PROVIDED DATA >>
━━━━━━━━
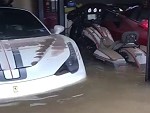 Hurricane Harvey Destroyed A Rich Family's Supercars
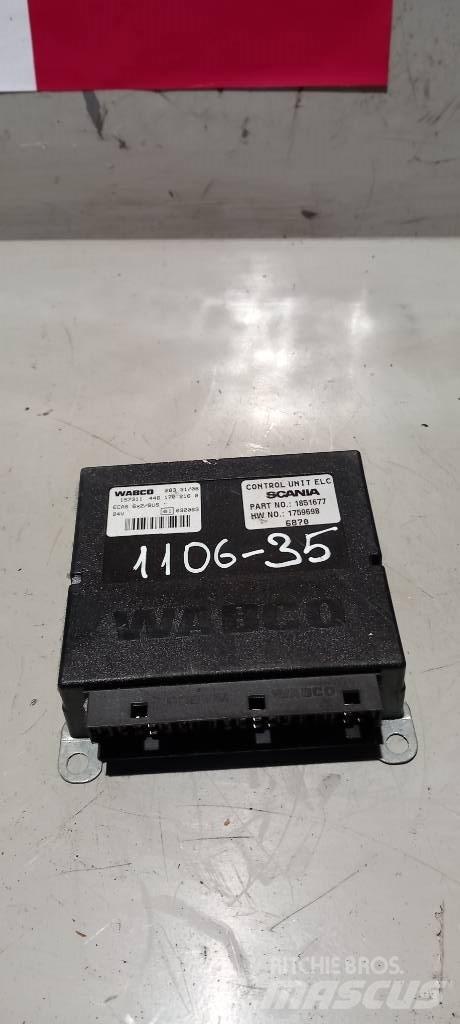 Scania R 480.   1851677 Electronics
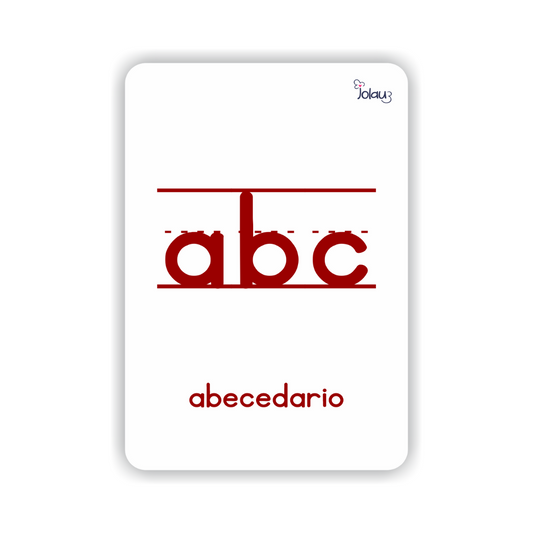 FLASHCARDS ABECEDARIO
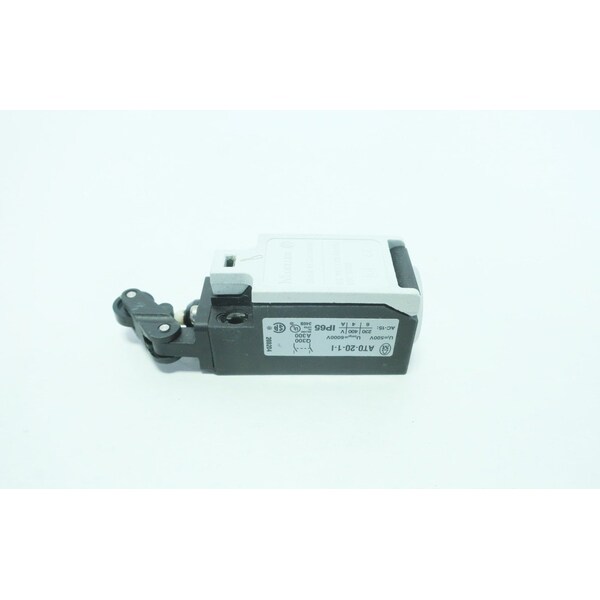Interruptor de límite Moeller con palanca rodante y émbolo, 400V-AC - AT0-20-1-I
━━━━━━━━
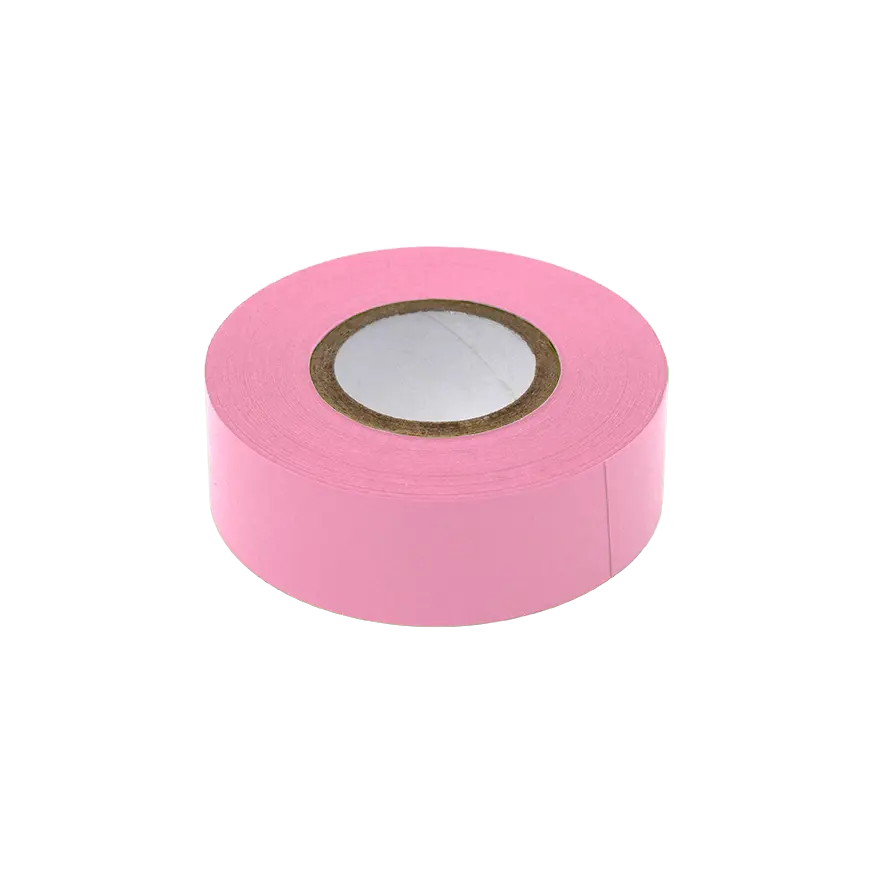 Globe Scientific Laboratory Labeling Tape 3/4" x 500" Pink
━━━━━━━━
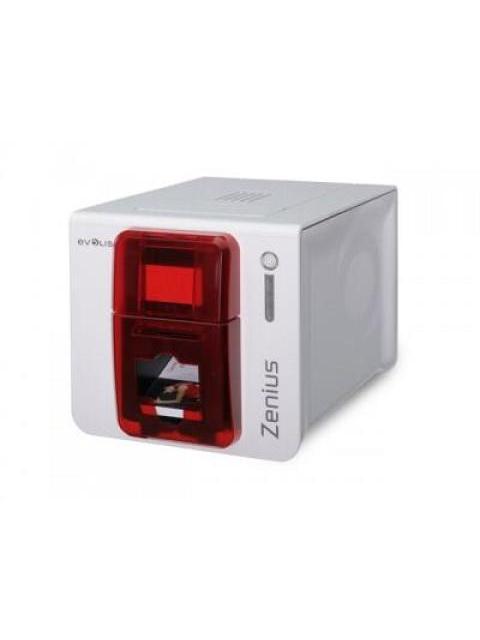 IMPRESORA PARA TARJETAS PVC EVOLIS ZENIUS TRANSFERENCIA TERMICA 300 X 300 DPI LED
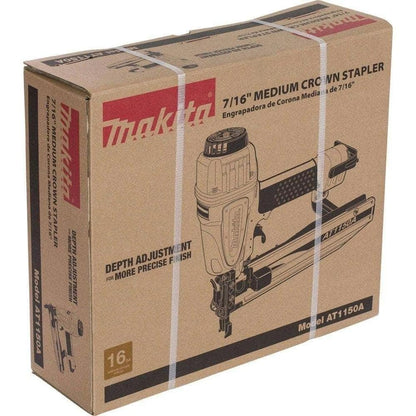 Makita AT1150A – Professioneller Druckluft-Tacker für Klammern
━━━━━━━━
ACTION ITEM >>
Above are some records; extract exactly the lines from the one containing "FLASHCARDS ABECEDARIO" through the one containing "Interruptor de límite" and drop the pictures.

REPLY >>
 FLASHCARDS ABECEDARIO
Interruptor de límite Moeller con palanca rodante y émbolo, 400V-AC - AT0-20-1-I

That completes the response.